In my opinion, being a very good and very successful project manager takes many skills, a little luck, good connections, some training and the ability to wear a bunch of different hats on the same job. Along the way I’ve witnessed some beliefs and opinions about project management that I think fall more in the myth realm than reality and I’d like to address those here. Please be thinking about your own list and feel free to share your thoughts.
Good project managers are born.
Leaders may be born…and I realize birth order in the family can have a lot to do with it. But born project managers? I’m not to sure about that. Imagine the delivery room and this baby comes out and the joyful mother proclaims loudly, “I bet he’s going to be a great project manager!” Never gonna happen. Or in 6th grade little Arthur starts to map out all of his current and upcoming class work on a gantt chart. I don’t think so. The best project managers may have some key personality traits – I fully believe that to be true – but I don’t think anyone is born to be a project manager.

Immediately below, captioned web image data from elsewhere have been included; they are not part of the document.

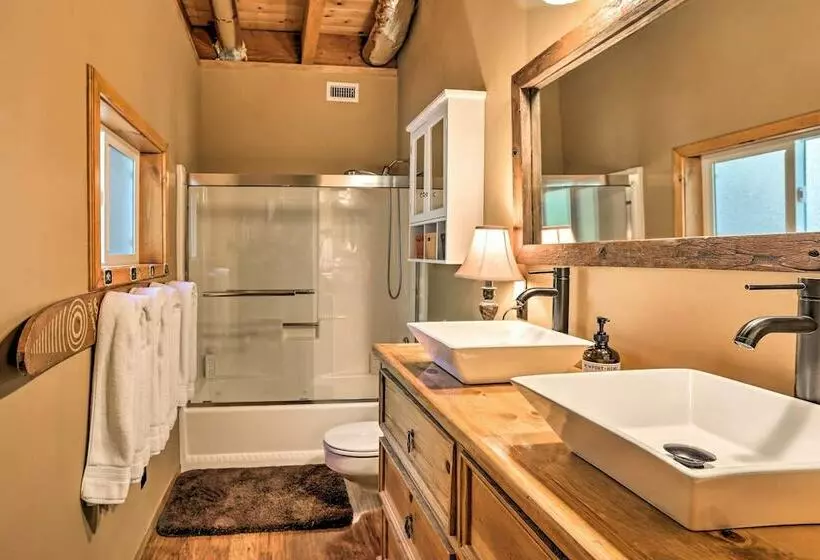 Tree House Chalet In Lake Arrowhead Village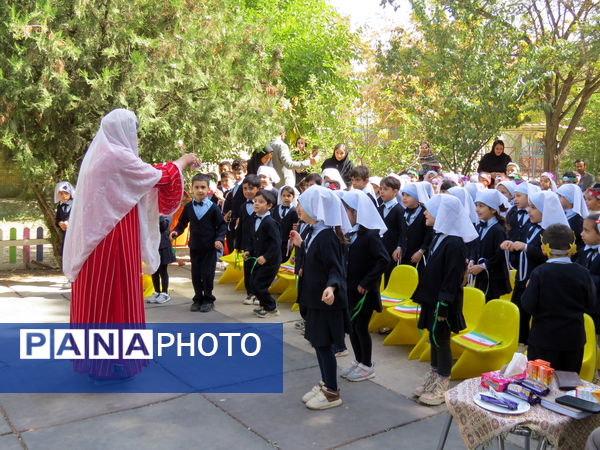 جشن غنچه‌ها در شهرستان بجنورد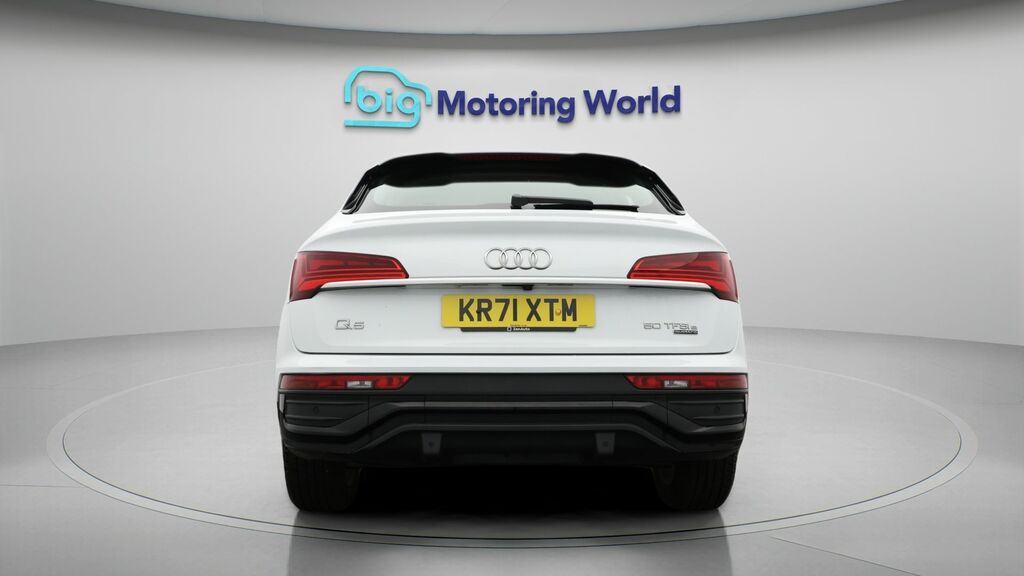 Audi Q5 Sport KR71XTM White #6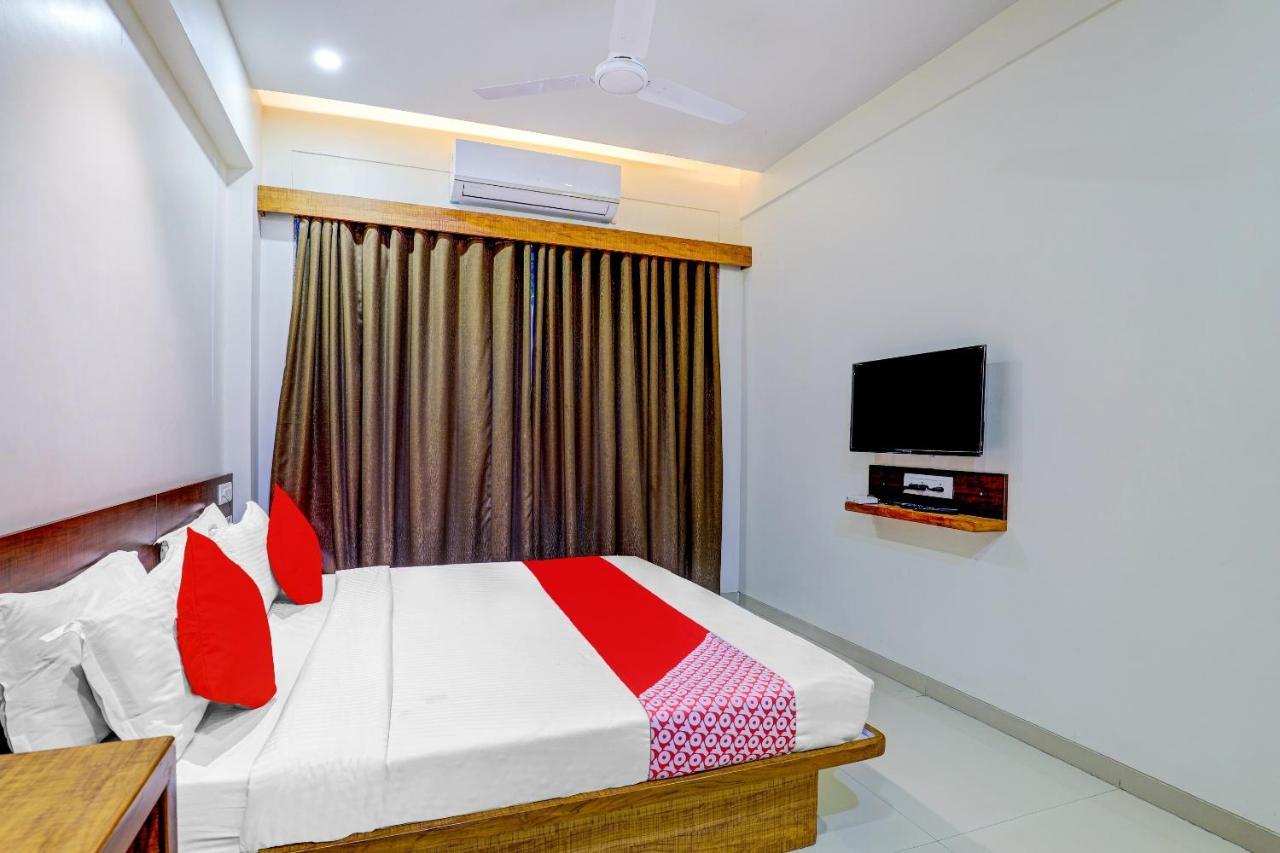 Oyo 77491 Hotel Shreenath Valsad Екстериор снимка
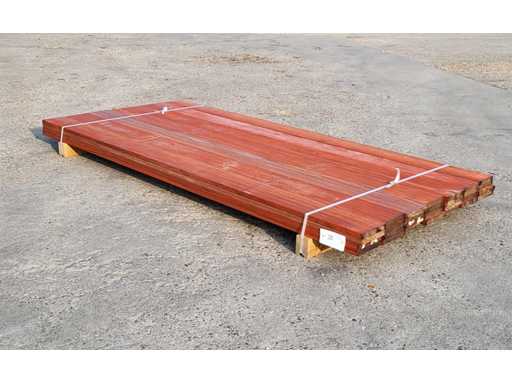 28x PADOUK planken 21 x 140mm , lengte 215 cm (8.4 m2) 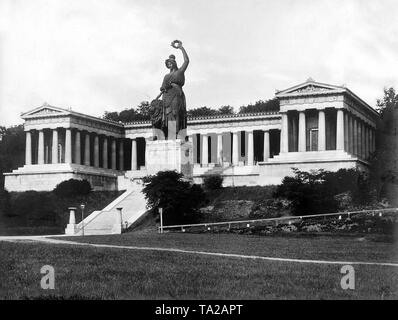 La statua della Baviera e il Ruhmeshalle (Hall of Fame) di Monaco di Baviera. Foto Stock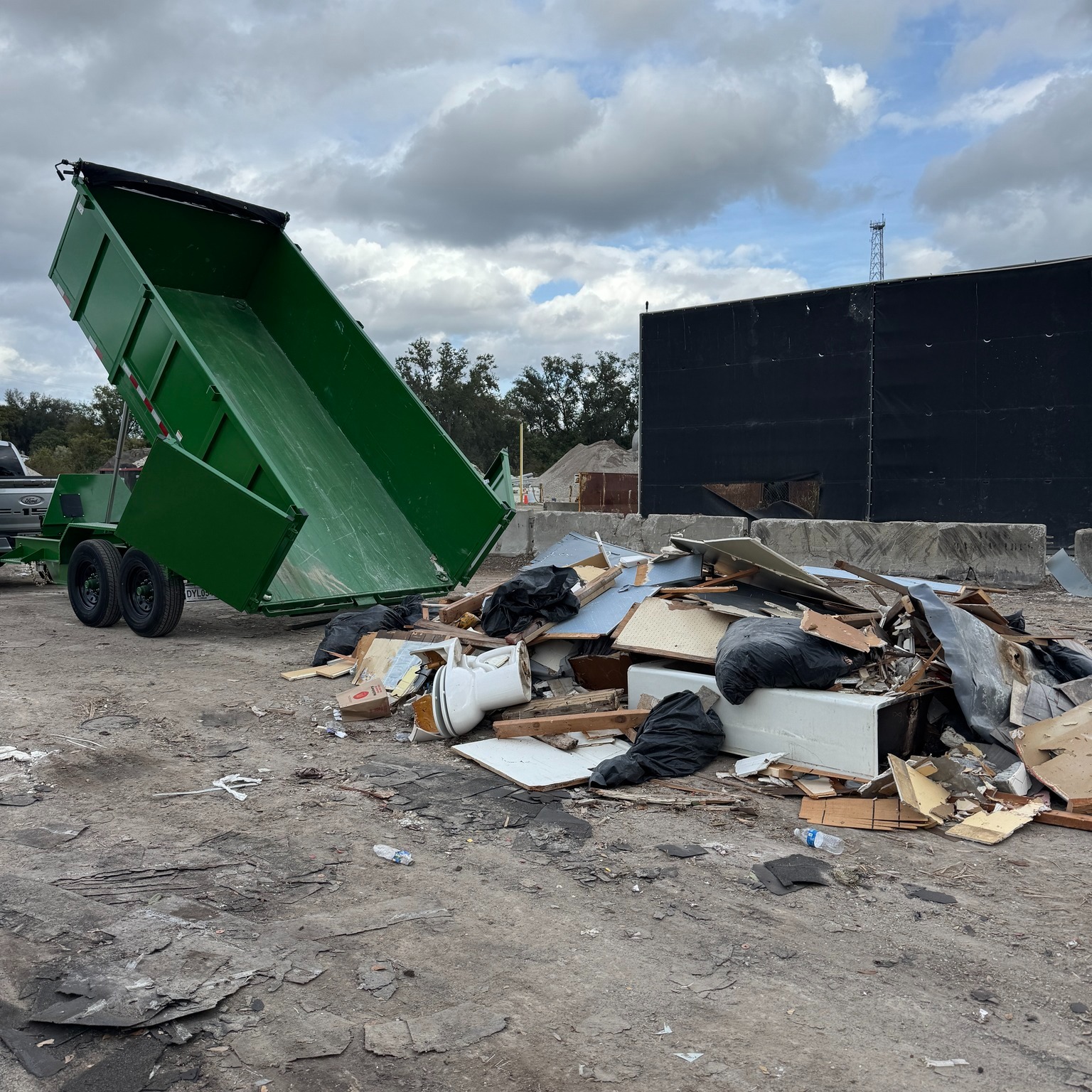 Lift & Load Hauling crew on the job in Lakeland, FL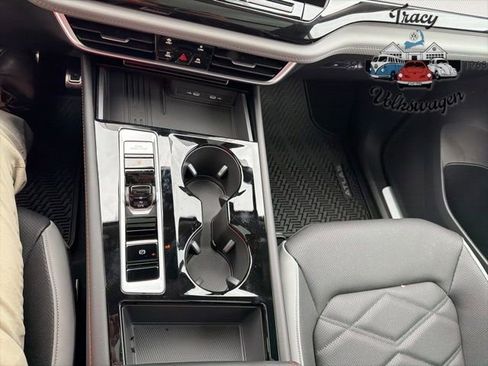 New 2026 Volkswagen Atlas Peak Edition image 13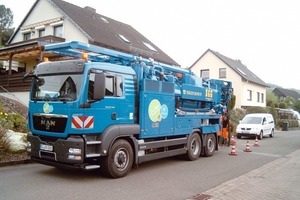  Der Wasseraufbereitungswagen der Stadtentwässerung Goslar bei der Arbeit 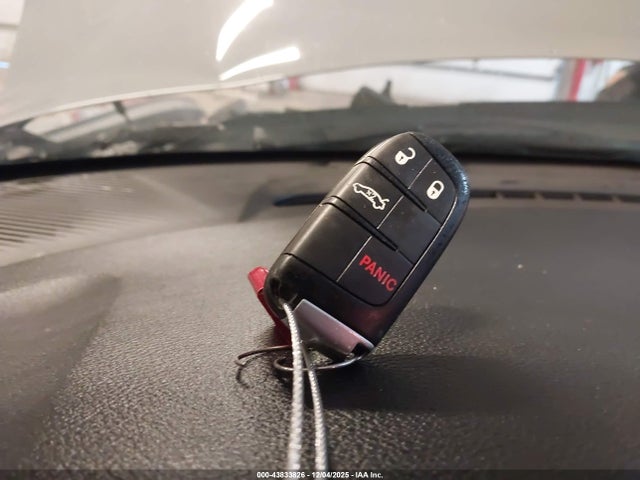 Продаж на аукціоні авто 2019 Dodge Challenger Sxt, vin: 2C3CDZAG5KH560732, номер лоту: 43833826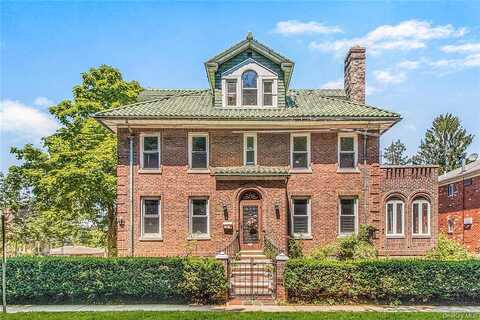 Parkway, YONKERS, NY 10704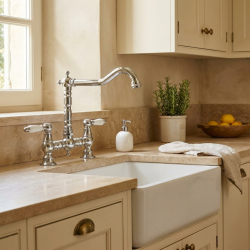 Aquanello Heritage Manor Klasická kuchyňa Nostalgický most Kuchynský kohútik Chróm s bielou rukoväťou CR-0010-HM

Project management is all reporting and organization.
Yes, reporting and being organized is a big part of being a project manager. Status reports drive customer focused meetings like the weekly formal status report and they contribute to bigger dog and pony shows on longer projects and government projects when big quarterly reviews are required. The project manager must also be very organized – staying on top of the project schedule, budget and resource plan throughout the project engagement to ensure that everything stays on track. However, it is not all about reporting and organization. It’s about leadership, confidence, decision-making, task delegation, risk planning and management, financial acumen to keep the budget on track, negotiation and conflict resolution. And probably 100 more things I didn’t just include, but can’t think of at the moment.
If you can delegate you can manage projects.
Being able to delegate is a skill. It isn’t just handing out the next task to whoever has room on their plate for it. It’s about understanding resource availability, knowing how soon your project resources may be scheduled on another project for a period of time, knowing which team member has the right skills to take on a particular task, and even when to assign particular tasks to the project customer to keep them engaged on the project. It requires an ability to see the project as a whole and at a very high level when necessary. Getting the right task assigned to the right individual is critical to the forward momentum of the project.
Anyone can run a decent meeting.
Anyone can call a meeting. Getting the attendees prepared and informed in advance, getting them in their seats at the meeting, keeping them engaged, and making sure that everyone leaves on the same page after the meeting…that takes good skills that you hone over time. The PM needs to send out an advance agenda that is detailed, but straightforward. You want everyone to see it and know what they need to come prepared to discuss and contribute. The PM needs to start on time and end on time to get the most out of this meeting and to gain the reputation of the good meeting facilitator who’s meetings you should always attend because they start and end on time and accomplish what they should. They will know you won’t always be wasting their time. And followup at the end and after the meeting to ensure everyone is on the same page – that’s critical.
You can always learn along the way.
“Fake it till you make it.” That may work on some things. And on some aspects of project management. But you can’t fake it as a project manager on the whole and hope to succeed. If you’re a first time PM, you likely need – and will be assigned…hopefully – a mentor. But you can’t “just wing it” – luck will not get you very far. You need the key skills – many of which I’ve already mentioned above – in order to really be a successful, effective and productive project manager.
Project management is project management no matter the industry or project content.
Sometimes and across certain industries this may be true. Not 100%, but maybe 80% – maybe enough to have technical project manager lead a real estate project…assuming they have the proper help for permits, etc…that’s the missing 20%. But it won’t translate to all industries and those missing 20%’s will need to be learned pretty quickly or failure is imminent.
Summary / call for input
This is my list of some top PM myths that come to mind. Do you agree? What’s on your list? What would you add that people seem to assume about project management that you know not to be true. Please share and discuss.